Bonds have also made a positive contribution due to the interest rate cuts and thus rising prices. Customers of nowinta Asset Management enjoyed a very positive return in 2019; despite a considerably lower risk than equity markets a balanced investment strategy (50 to 60 % shares) has achieved an excellent 17,34 net performance. The strategy is globally designed based on GDP Figures and broadly diversified by investing via exchanged traded funds.
In the first half of 2020, in my opinion, there will be a turnaround in the real economy, i.e. the manufacturing sector, triggered by the accommodative monetary policy of the central banks in 2019, which will have a delaying effect on the real economy. Global purchasing manager surveys show signs of stabilization and are rising again after their seven-year low in July 2019. These improvements make accelerated growth in the global economy likely and will particularly benefit investments in emerging markets. In 2020, however, there is little scope for further monetary easing measures and it will be necessary to concentrate on the economic fundamentals. Due to the low or even negative interest rates, many government bonds can no longer effectively contribute to the stability of the portfolio. Alternatives for diversification should therefore be considered.
The main risk for both capital markets and the real economy is that the US and China cannot agree on a trade agreement and the protectionist stance is tightened. This would lose confidence and jeopardize the upswing.
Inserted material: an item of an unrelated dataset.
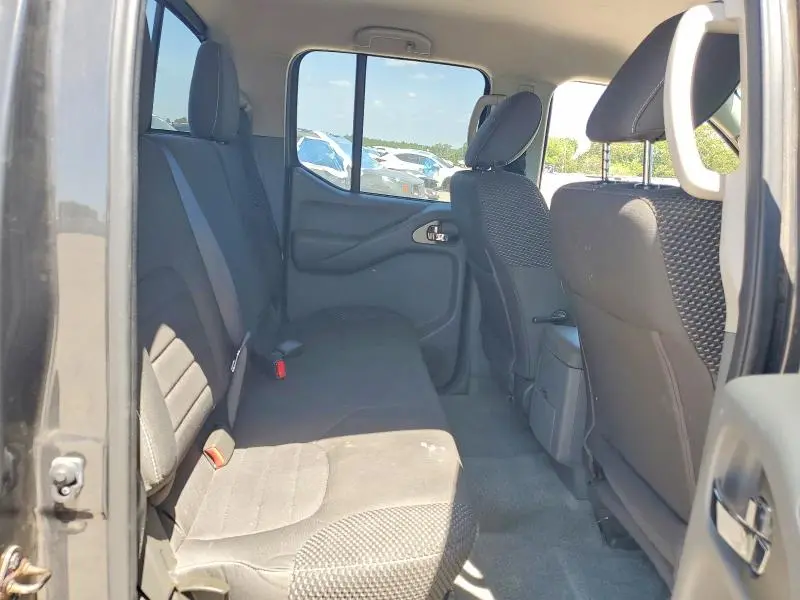 2015 NISSAN FRONTIER DESERT RUNNER  
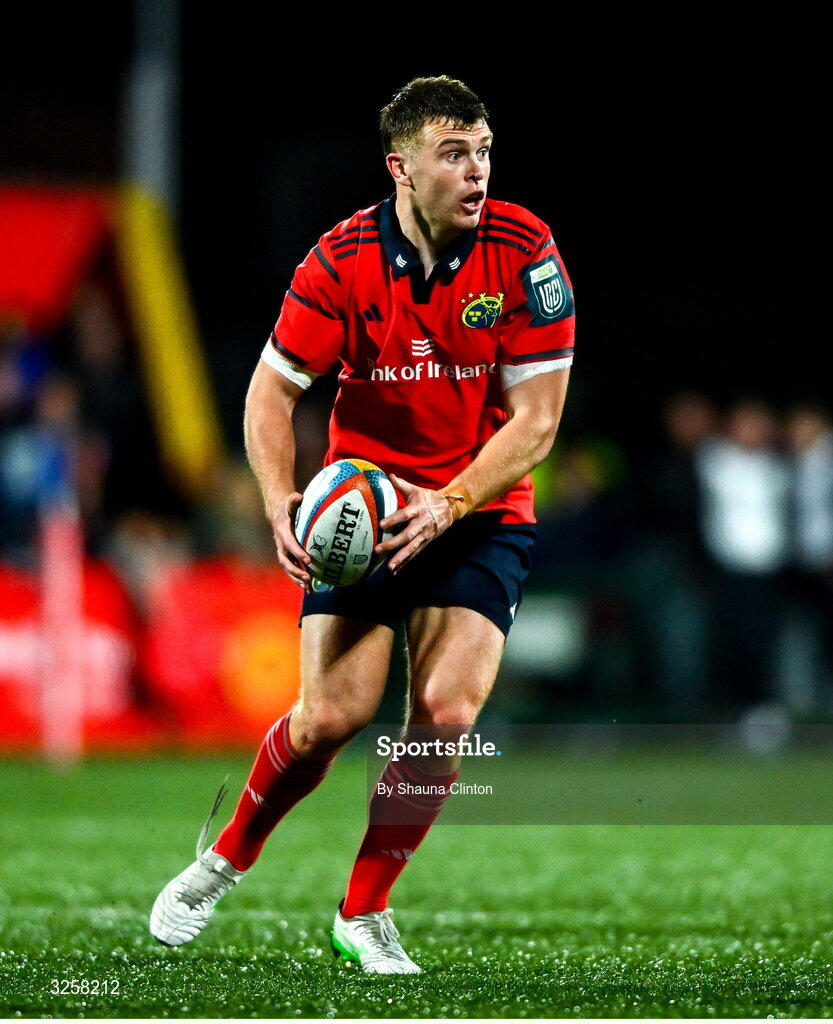 10 October 2025; Tom Farrell of Munster during the United Rugby Championship match between Munster and Edinburgh at Virgin Media Park in Cork. Photo by Shauna Clinton/Sportsfile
However, with presidential elections to take place in the U.S. in 2020, I expect President Trump to work to find a mutually acceptable solution because both he and his clientele are interested in positive developments in the financial markets.
The bottom line is that you should also be invested in 2020, because on the one hand the spectre of recession seems to be subdued and on the other hand interest rates remain very low, central banks are expansionary and dividends are more attractive compared to money market yields. That is why investments in real values – i.e. stocks and real estate – still make sense.
The nowinta investment strategy starts right here. Thanks to global diversification based on GDP figures and via Exchange Traded Fund, our customers invest in around 2,500 companies worldwide and thus participate in the development of the global economy. In order to control the risk, we use various strategies with a larger or lower percentage of equity to meet the customers’ need for risk mitigation.